Podcast Ep 146: Kealan Lennon, founder of CleverCards, brought Christmas early for thousands of workers and businesses through digital prepaid Mastercards. The future of cards, he says, is digital.
Our world is in an ongoing transition of many things to digital. In recent decades it was books, music, movies and retail. If CleverCards CEO Kealan Lennon has its way it won’t be just physical money and cheques that will go eventually go all-digital, he wants to see the end of plastic cards.
CleverCards has already been integral this year in enabling numerous businesses and organisations to gift employees with prepaid Mastercards that can be stored in smartphone wallets and used in physical stores or online.
“That’s really where we are, we’re the Netflix of payments. Once you go digital it opens up a world of opportunities”
In 2020 the Dublin business entered into a strategic partnership with Mastercard and uses the power, security and scale of Mastercard processing inside the CleverCards infrastructure to drive innovation.
In recent months the latest phase of the partnership saw digital Mastercards capable of being downloaded from the CleverCards platform in such a way that busineses and public organisations could custom-brand their own Mastercards and personally configure each card for various purposes. For example, give staff money for expenses while attending a conference in a specific city overseas with rules for what can or cannot be spent.
CleverCards began life as a mobile greeting card business but in recent years pivoted towards digital payments. That pivot gained momentum last year when the business joined the Mastercard Fintech Express programme.
Since then the business has created more than 30 new jobs, closed a €10m funding round and acquired spend management software player ExpendiaSmart.
Your phone is your new flexible friend
Speaking on the ThinkBusiness Podcast, Lennon explained that the pivot away from digital greeting cards to virtual cards was inspired during a visit to China where he observed how no one in China used cash or plastic cards to buy goods, instead using their social network apps like WeChat or Sina Weibo to do everything.
“Everyone was paying with their mobile phone and that was four or five years ago. I came back and realised you didn’t need to be a Steve Jobs or Jeff Bezos to have the vision for where this was going. It was crystal clear that the future was digital payments. Europe is significantly behind China and in turn – surprisingly, when it comes to payments – the United States is probably several years behind Europe.”
As Lennon sees it, those rectangular pieces of plastic we carry in wallets or stuffed inside phone cases will soon go the way of video cassettes and DVDs. And, if he has his way, CleverCards will be in the vanguard of this transition.
“That’s really where we are, we’re the Netflix of payments. Once you go digital it opens up a world of opportunities in the same way as you can stream songs without having to buy an album with 14 songs.”
The biggest beneficiaries of this transition could be businesses if they use their imaginations. “There’s lots of things that we can do to configure and customise payments for small businesses. And that’s really where the evolution is.”

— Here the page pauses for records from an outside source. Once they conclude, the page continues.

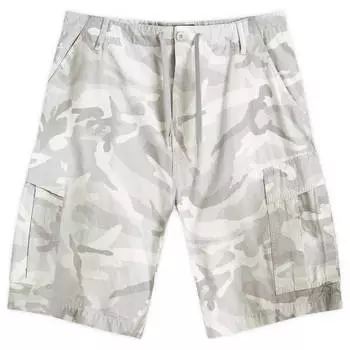 Шорты Balenciaga Camo Cargo Shorts, цвет Light Grey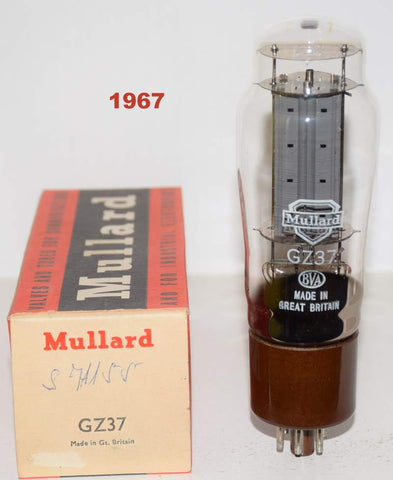 (!!!!) (Best Single 1967) GZ37 Mullard UK NOS 1966 (50/40 and 50/40) (can make pair with another single from 1967)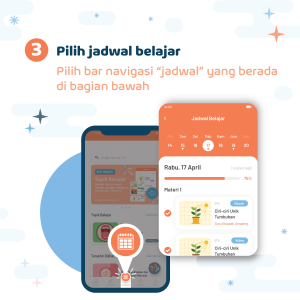 step 3 - pilih jadwal belajar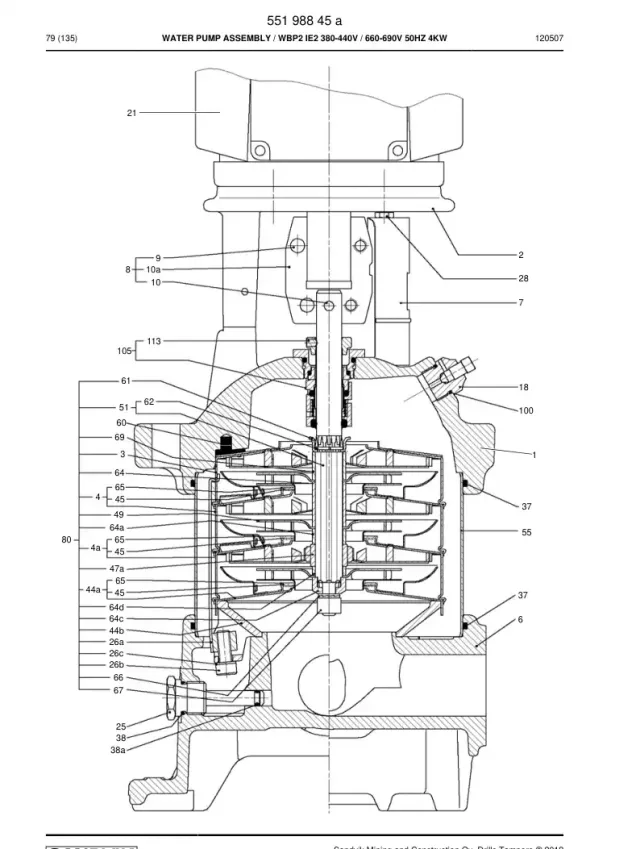WATER PUMPE BAUGRUPPE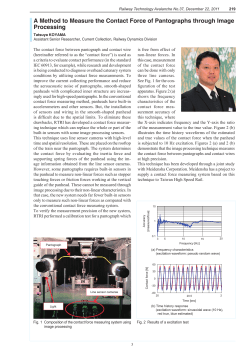 A Method to Measure the Contact Force of Pantographs through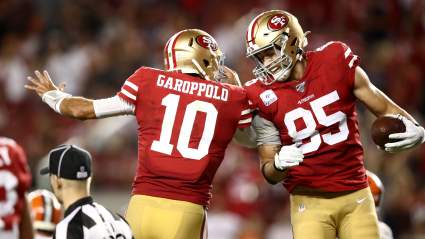 49ers’ George Kittle Weighs In on Joe Montana’s Jimmy Garoppolo Comments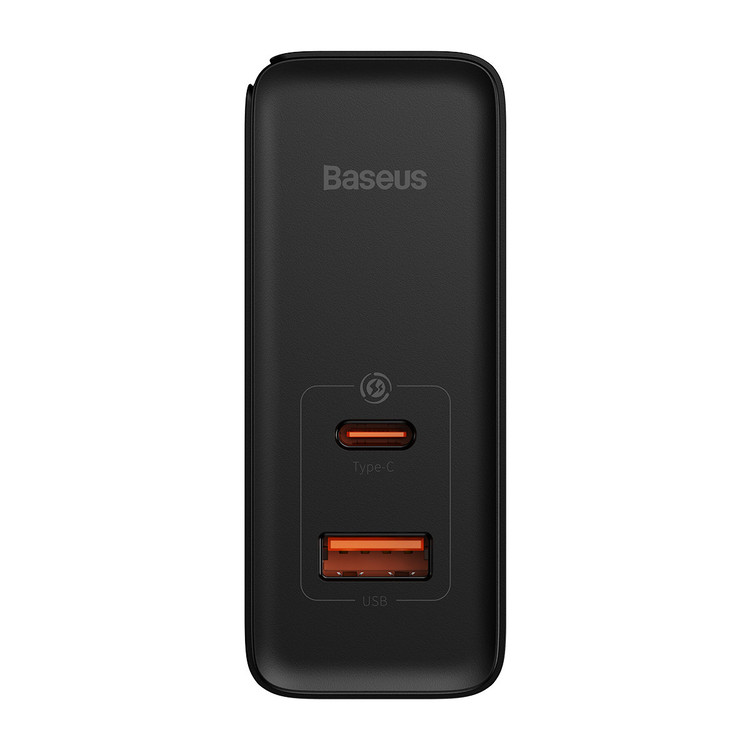 Сетевая зарядка Baseus GaN5 Pro Fast Charger CCGP090201 USB-A + USB-C Max 100W Black, изображение 3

CleverCards functions as a B2B operator that provides businesses with the means to figure out clever ways of sharing value with customers or colleagues. The cards pretty much do everything monetary, except be used for withdrawing cash.
More than 5,000 businesses are already using the CleverCards platform and through its acquisition of ExpendiaSmart, the business is a Licenced Electronic Money Institution, which opens a plethora of possibilities.
“In the same way you can configure music into playlists on your phone, as a licensed payment processor, we’ve given that power of configurability to small and large businesses.
“For example, they can configure the expiring date on a digital card or where cards can be used. A business sending staff to a conference overseas can load value onto cards and indicate what hotels and restaurants can be used to purchase goods and services within a certain credit period. We have one customer who has configured the card to work in 24,500 outlets only. So we’ve delegated that ability.
“So businesses can configure these cards for employees and cut down on the chances of fraud by setting rules. For example you can restrict a CleverCards’ usage to a certain location, like a city or country, for example.”
Other uses for CleverCards include giving small businesses, like taxi drivers or florists, early access to earnings based on transactions at point of sale.
Looking to the future Lennon believes that beyond Europe and North America there are significant opportunities for CleverCards in the Middle East.
He also intends to leverage further the power of the Mastercard processing engine. “It’s a bit like the early days of personal computers where some machines had ‘Intel Inside’, only in our case as a fintech we are using the power of Mastercard processing which is driving the CleverCards platform. So we’ve got infinite scale in terms of Mastercard behind us and that’s bringing us lots of customers.”
In conclusion, Lennon believes CleverCards could be in the vanguard of eliminating the use of plastic cards and moving to digital cards.
“The market is full of disparate payment solutions that are costly, are inefficient, slow, geographically restrictive and inflexible. And increasingly they are lacking in fraud and regulatory compliance.
“We are singularly focused on enabling businesses to be able to get digital cards to their employees or customers. The Irish market is a great example – we’re the only Irish company providing tax-free digital Mastercards that can be used as gifts up to €1,000.”